Durante unos cuantos años asistí a un gimnasio. Era un local más bien lúgubre, con neones fluorecentes blancos en el techo, algunas manchas de humedad en las paredes y con unas pocas máquinas para practicar la bicicleta estática o para correr sobre una alfombra mecánica. Cuatro pesas para ejercitar los músculos y unos palos redondeados sujetos a la pared para estiramientos. No mucho más. Mis compañeros de ejercicio eran pocos, contados, y nos conocíamos todos. El ambiente era muy fraternal y en el aire circulaba un cierto coleguismo, sano y distendido. En un momento determinado, las cosas cambiaron de raíz: el gimnasio de capacidad humana, cercano y vecinal, austero y próximo, se rindió a una empresa multinacional. Hicieron obras, lo engrandecieron, abrieron grandes ventanales con luz natural y vistas al exterior, lo inundaron de máquinas estrepitosas que ofrecían una cantidad enorme de posibilidades, desde el adiestramiento de piernas hasta el ahínco con los brazos, pasando por el robustecimiento de brazos y por el amaestramiento de músculos abdominales u otros. El local pasó de ser un centro lúdico donde se cultivaban amistades a la par que se profesaba un cierto amor a la educación física, a una especie de supermercado, masivo e impersonal, en el que decenas de cuerpos aislados -sin ningún contacto social- sudaban de forma permanente en un estado obsesivo y obcecado. Nuestro grupúsculo humano y fiel quedó absolutamente marginado ante las hordas corporales que irrumpieron en el viejo gimnasio ahora convertido en un santuario dedicado, exclusivamente, al culto puramente físico. Nos dispersamos.

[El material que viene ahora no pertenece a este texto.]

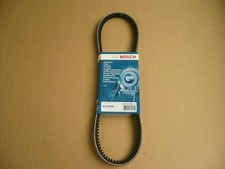 Keilriemen bosch 10x800 - bosch,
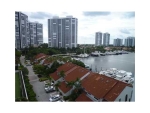 3610 YACHT CLUB DR # 806 Miami, FL 33180 - Image 6864742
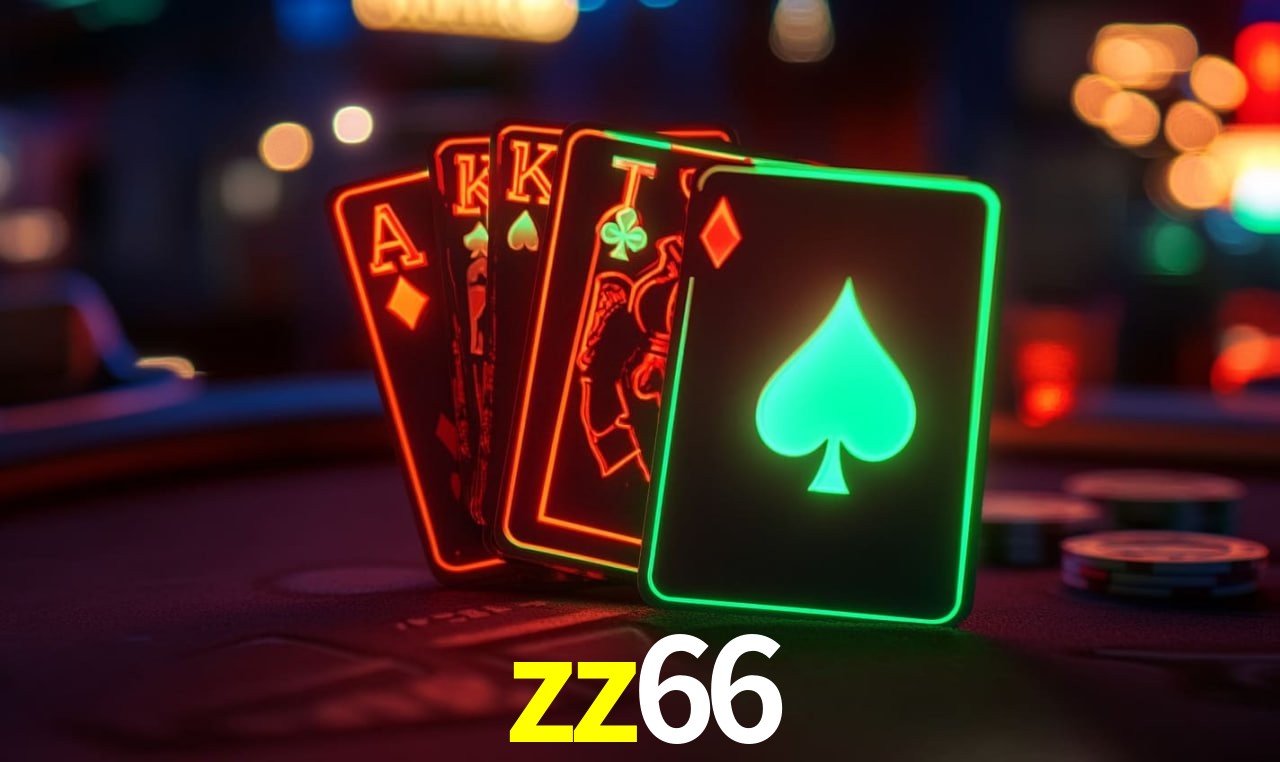 Sweet Bonanza destaque zz66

Ninguno de nosotros -los viejos cofrades del compañerismo y el deporte sano, sin cronómetros y con paciencia- hubiera pensado que esta evolución colectiva llegaría a estos extremos de fanatismo y masificación. La moda ha arrasado. Hoy, estos gimnasios globalizados se hartan de forrarse a base de una soldadesca amorfa que desea, por encima de todo, lucir unos pectorales de revista del corazón, unos abdominales de película de Bruce Willis, unas piernas ideales para la playa o unos brazos que transparentan bíceps y tríceps para abrazar maternalmente a los osos.
¿Qué ha pasado? Pues que los cánones de belleza humana procedentes de Brasil y, sobre todo, de Estados Unidos, han hecho mella en nuestra triste y copiona sociedad, ávida de elementos externos que, a la vez que nos hacen renegar de nuestra identidad, nos empujan a emular a los sincerebro mundiales. La situación de mi antiguo gimnasio es exactamente la misma que la de los idiomas, ambos se encuentran en franca decadencia. Puta globalización, desde este punto de vista.
Cristiano Ronaldo (exhibiendo, a cada momento, su “cuerpazo” de Adonis desmamado antes de tiempo) y los personajes del “corazón” (generalmente, una pandilla de majaderos enganchados al pezón del euro) han creado una burbuja mediática en la que el cuerpo prima sobre la mente y el bíceps vence a la inteligencia y, por consiguiente, a la cultura.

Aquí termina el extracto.